[OSM-talk] open data
Lars Aronsson
lars at aronsson.se
Fri Sep 22 00:37:24 BST 2006
Richard Fairhurst wrote:
> On 21 Sep 2006, at 22:48, Lars Aronsson wrote:
> > This is where you're mistaken. If OSM wasn't here to promote
> > copyleft, all data would have been given to the public domain.
>
> As ever, Lars, I like your idealism, but I don't think that's supported
> by history.
It's not my idealism, it's Steve's. He set up OSM to use CC-SA-BY
(or something to that effect) long before I entered this project.
Many others, including Etienne and myself, have been far more open
towards using the public domain. Some hard core copyleftists (Imi
comes to mind) have helped Steve to hold on to the original
licensing. And I still don't see how this is going to change. The
result is that OSM uses and thus promotes copyleft, online and in
print. You can like that or not, but it is a fact.
> Of course, if OSM really is here to promote copyleft, you should
> be lobbying for a change in the foundation's objectives.

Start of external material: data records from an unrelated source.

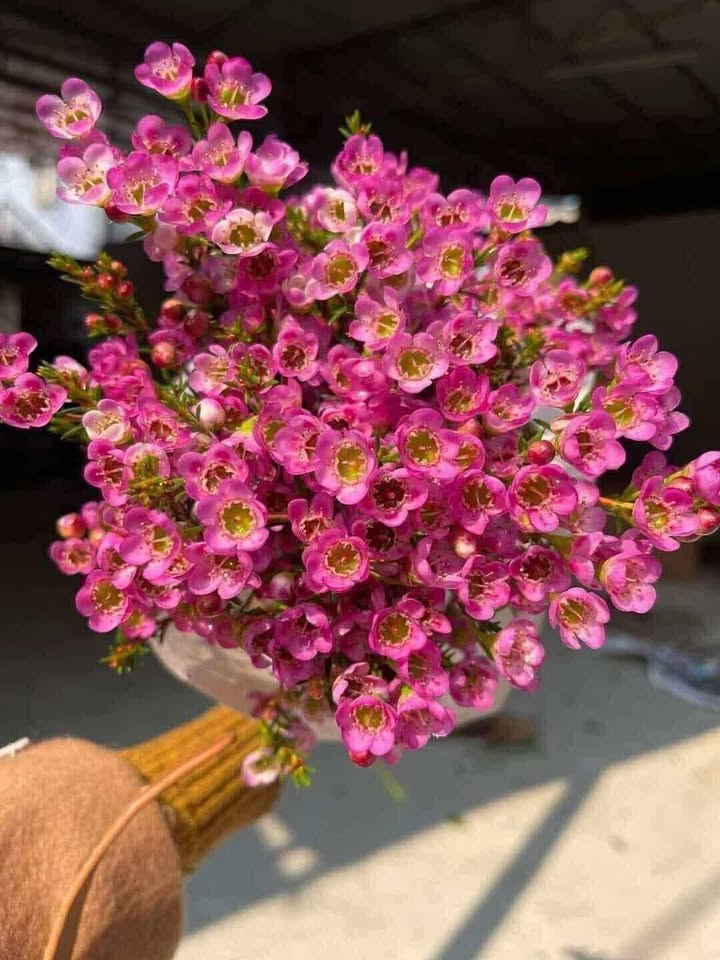 Bán Đất Nền Mũi Né 136m² - Giá Đầu Tư Chỉ 370 Triệu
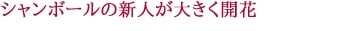 ジュヴレ シャンベルタン シャジエール 2019 ドメーヌ G ロブロ マルシャン元詰 AOCジュヴレ シャンベルタン 赤 辛口 750ml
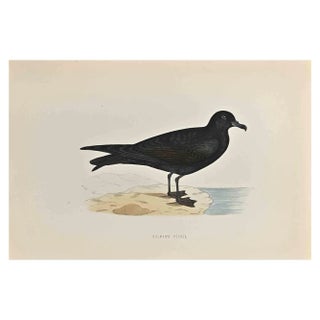 Alexander Francis Lydon, Bulwer's Petrel, Woodcut Print, 1870 For Sale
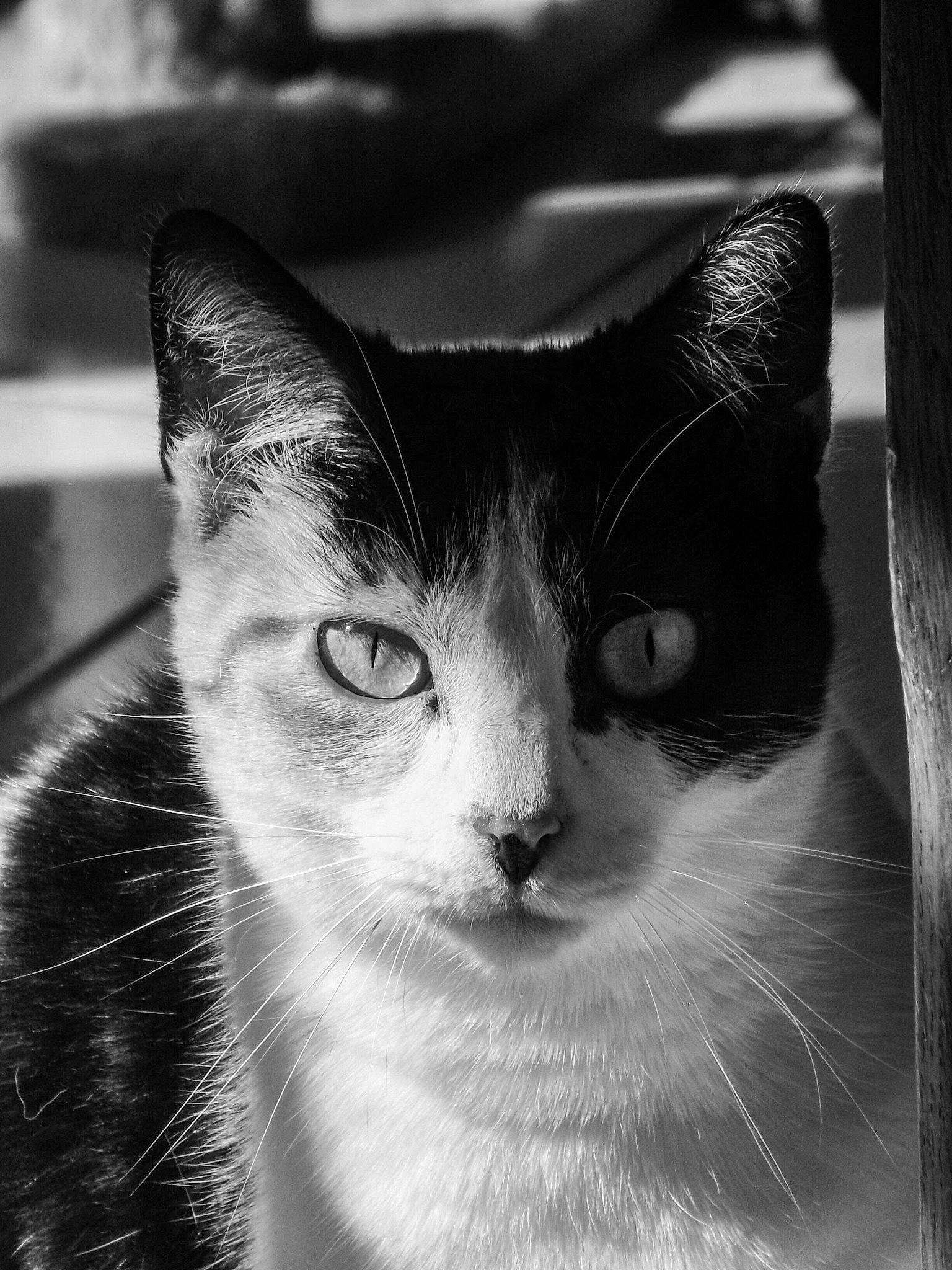 Mandarine participe au concours pour gagner de l'argent avec cette photo : asian, black, black_and_white, carnivore, cat, close_up, domestic_short_haired_cat, eye, felidae, fur, monochrome, monochrome_photography, nose, organ, photography, small_to_medium_sized_cats, snapshot, snout, whiskers, white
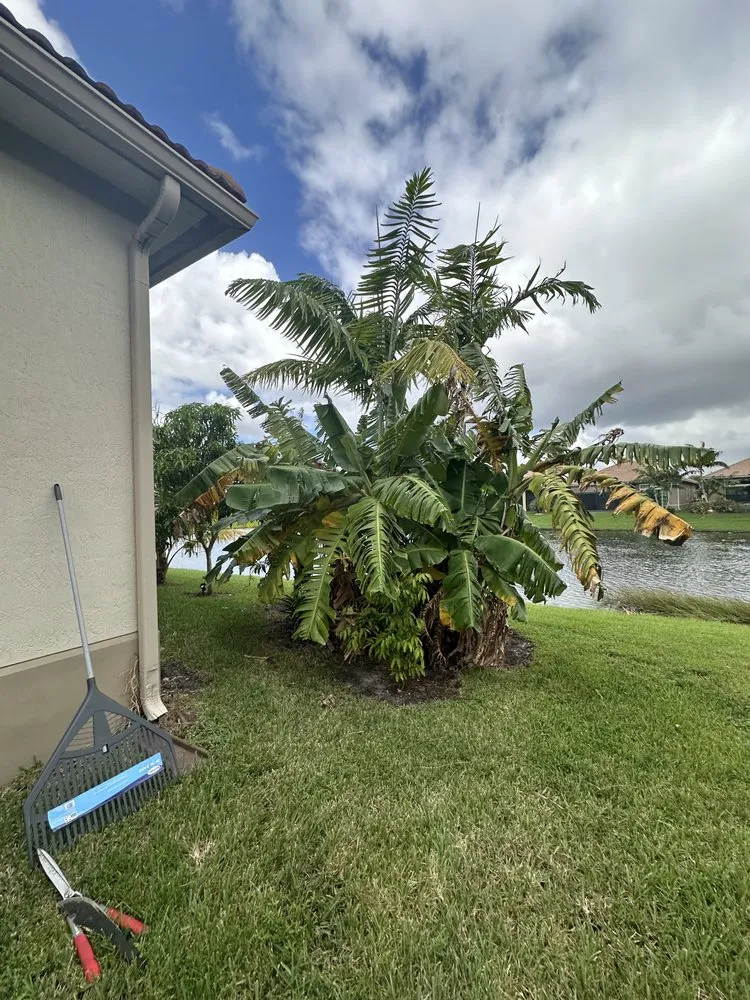 Professional landscaping services for outdoor upgrades in Lauderdale Lakes, FL by Timber Troupe Tree Care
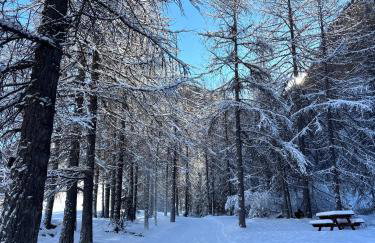 Appartement cosy entre lacs et montagnes - Foto 15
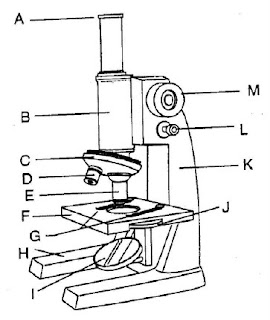 bagian-bagian_mikroskop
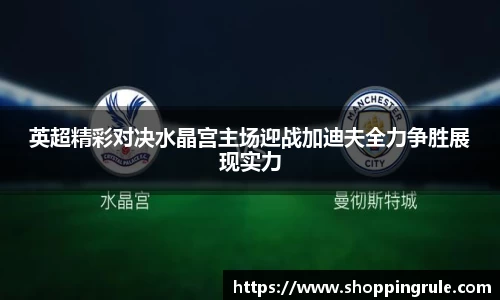 英超精彩对决水晶宫主场迎战加迪夫全力争胜展现实力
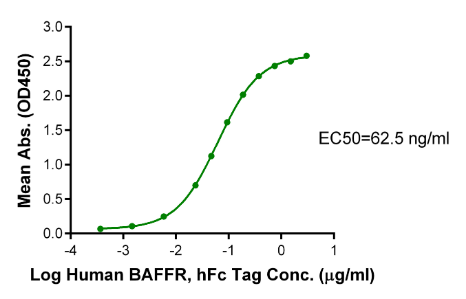 BAFFR/TNFRSF13C hFc Chimera, Human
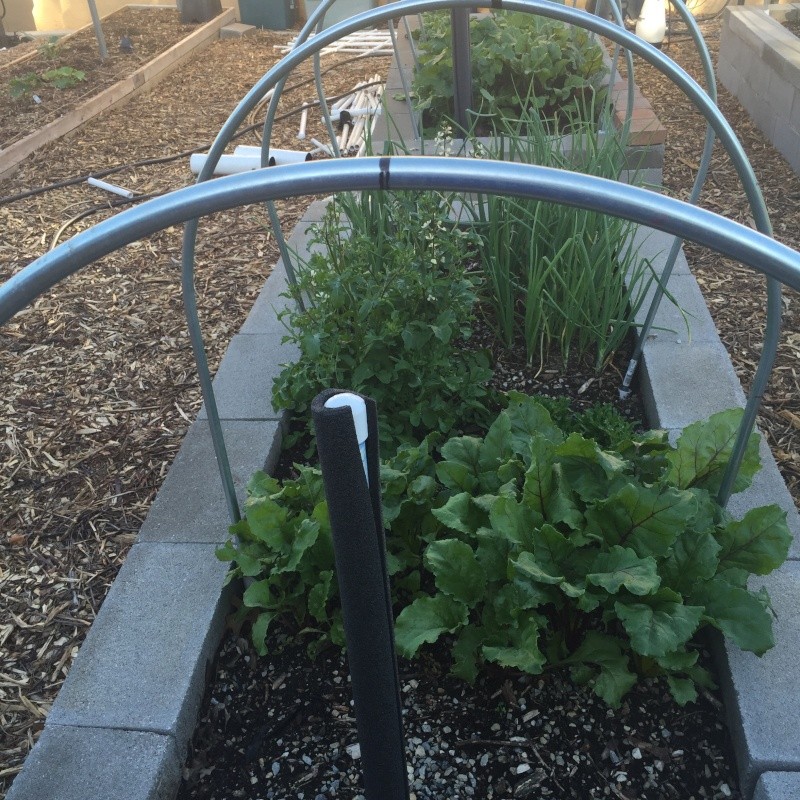Has55's Garden Photos, vertical growing with string Img_3715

Again, I'm not the driving force here. But in addition to that,
I'm not a political person who cares about charters and statements
for their own sake. Instead I'm a technical person who believes
in running code. In all discussions about licensing I have been
asking for case law (which is the legal equivalent of running
code) that can indicate the real life difference between various
licensing options. I know the GPL has been used against companies
in some interesting cases (Netgear, TomTom), but I don't know of
any where GFDL or CC licensing for contents has mattered.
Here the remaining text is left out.